SQL Compression vs Hardware compression when using flash storage for SQL 2016

PAPutzback · December 15, 2016, 9:23pm

Where we were - Test and Prod environments onSQL Server 2012 using database compression and spindle storage.

We moved to Pure Storage earlier this year and left the SQL compression on since we didn't have the storage space or a third server to see how long it will take to change over to hardware compression, how much space it would lose or gain and we were waiting for the first service pack for sql 2016.

Now we are getting a third DEV environment, and the non technical people are trying to figure out whether to enable hardware compression or use SQL compression. So I am hoping that someone here has some history with SQL server 2016 and flash storage and which compression performed better.

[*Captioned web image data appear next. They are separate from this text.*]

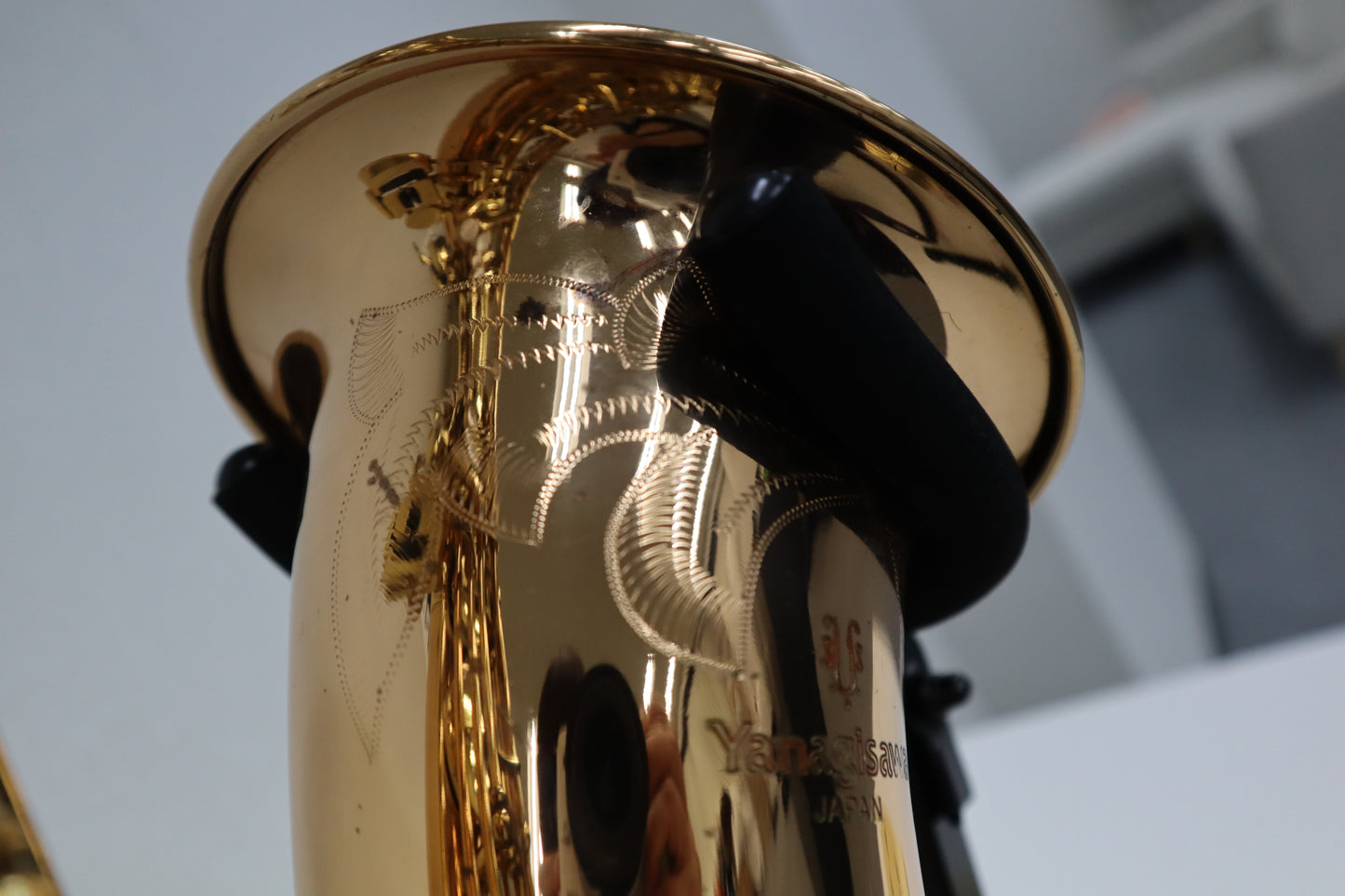 Yanagisawa T-902 (00273088) Good Tenor Saxophone MADE IN JAPAN In Stock #114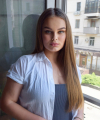 profile of Ukrainian mail order brides Anastasiya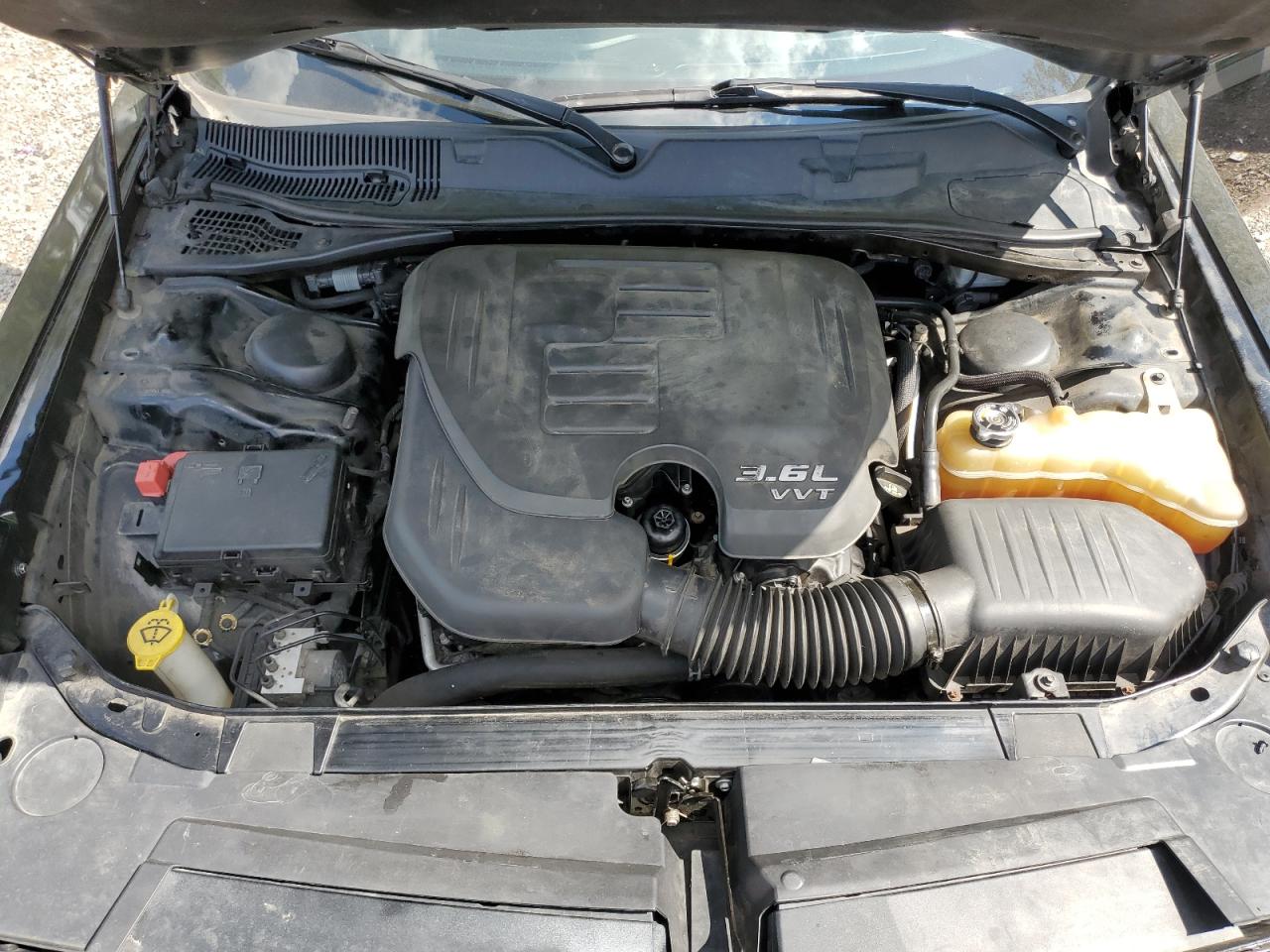 2016 Dodge Challenger Sxt VIN: 2C3CDZAG8GH275224 Lot: 70767805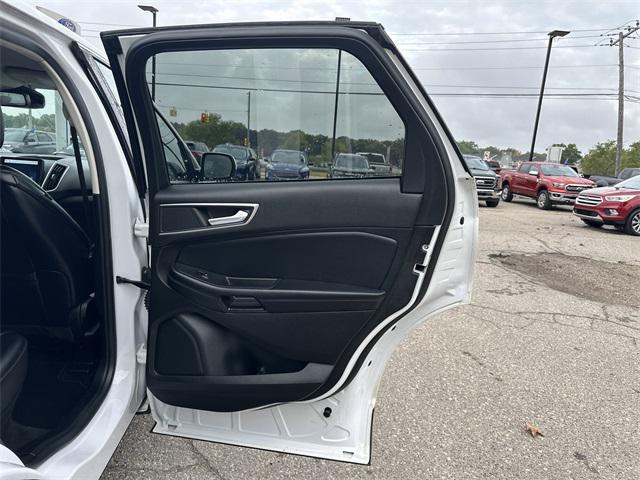 used 2023 Ford Edge car, priced at $21,318
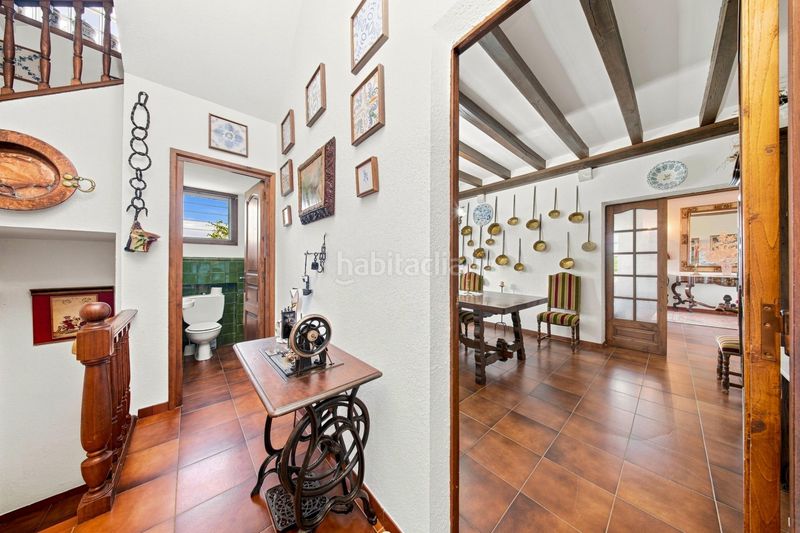 Foto 5621d176-5acf-42fe-bb4d-bb04a34f7935. Casa con parcheggio in Darnius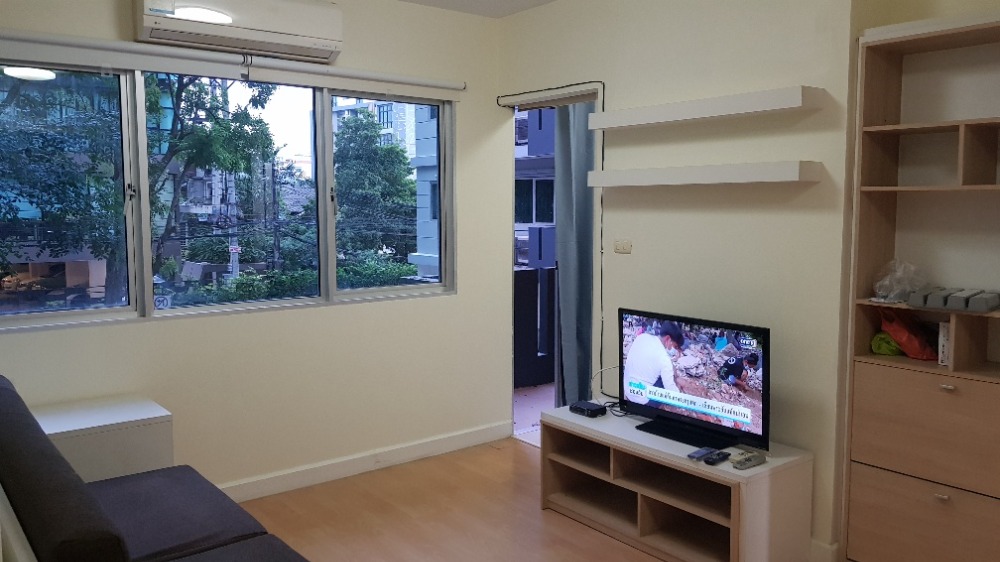 For SaleCondoOnnut, Udomsuk : Urgent sale!!! Price lower than market price, 1 bedroom, 35 sq m., My Condo Sukhumvit 81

Our VLDW contains a few terabyte of data from EMR systems used to populate QlikView applications and SSAS tabular models.

ScottPletcher · December 15, 2016, 9:48pm

My guess is that hardware compression would be faster. If you decide to try to compress log files, be sure to test that very carefully to make sure it truly is transparent to SQL Server.

PAPutzback · December 15, 2016, 10:11pm

Thanks for the quick response. I could not find a good white paper at the Pure Storage site, but I did find one for EMC's XTRMIO flash array. I assume they are somewhat similar. It looks like for our scenario you are right, hardware compression is the way to go and will save a lot of CPU cycles in addition to drive space.

ScottPletcher · December 15, 2016, 10:41pm

Exactly. I should have explicitly stated that. The reason MS's is much slower is because of its CPU usage.

If you don't have disk compression available, MS compression is definitely still worthwhile. But table rebuilds do take a lot longer than without compression.

PAPutzback · December 23, 2016, 6:01am

Thanks. I think the plan is too go with hardware compression for now and then test SQL compression when we upgrade to 2016

JeffModen · December 25, 2016, 3:44pm

In my admittedly limited testing, I've found that data compression in SQL Server is a source of overhead that isn't so effective. It's not like you're going to get the wicked amounts of compression that you might with something like ZIP technology and the performance was relatively bad. Hardware compression might be fine but remember that unless the data arrives at the server in a compressed state as is decompressed at the server, you've gained nothing for transmission rates, which is a major part of performance.

I DO do compressed backups. They really did things right there and is proof that compressing and decompressing at the server is well worth it. I backup about 2TB of databases from my production server in a single threaded, serial manner in a couple of minutes less than an hour. Restores are nearly as quick if you don't let transaction log files get out of hand (they still need to be VLF formatted which isn't helped by instant file initialization) and has made it much easier for me to do full restores of my most important large databases every night both as a test of the backups and as an area to test emergency fixes.

I was told that the backup drives we use automatically do compression and deduplication and that I shouldn't need to do any SQL Server compression but that didn't help much for backup times because we still had to go through the pipe like you have to with all SAN and NAS storage. When I shifted to SQL Server's backup compression, the duration of the backups dropped through the floor.

ScottPletcher · December 27, 2016, 5:46pm

Interesting. I've found data compression to be extremely good at reducing execution time for nearly all queries against large tables. We do have lots of idle CPU time available to do the compression/decompression.

For most large tables, page compression is worth it for us. I use row compression on virtually every table.

I have noticed that rebuilds are much slower. That makes sense when you think about it, but it's still something to be aware of.

yosiasz · December 27, 2016, 6:07pm

Question for you. What kind of recovery model are you using in DEV? are you restoring from prod often? Do you really need all of that data in DEV?

JeffModen · January 1, 2017, 4:23pm

That's encouraging. Thanks, Scott. Perhaps I need to revisit compression on the larger tables just to make sure I wasn't introducing some unknown element that made it look like compression was bad for us.

PAPutzback · January 1, 2017, 5:45pm

It looks like I have a lot of testing to do.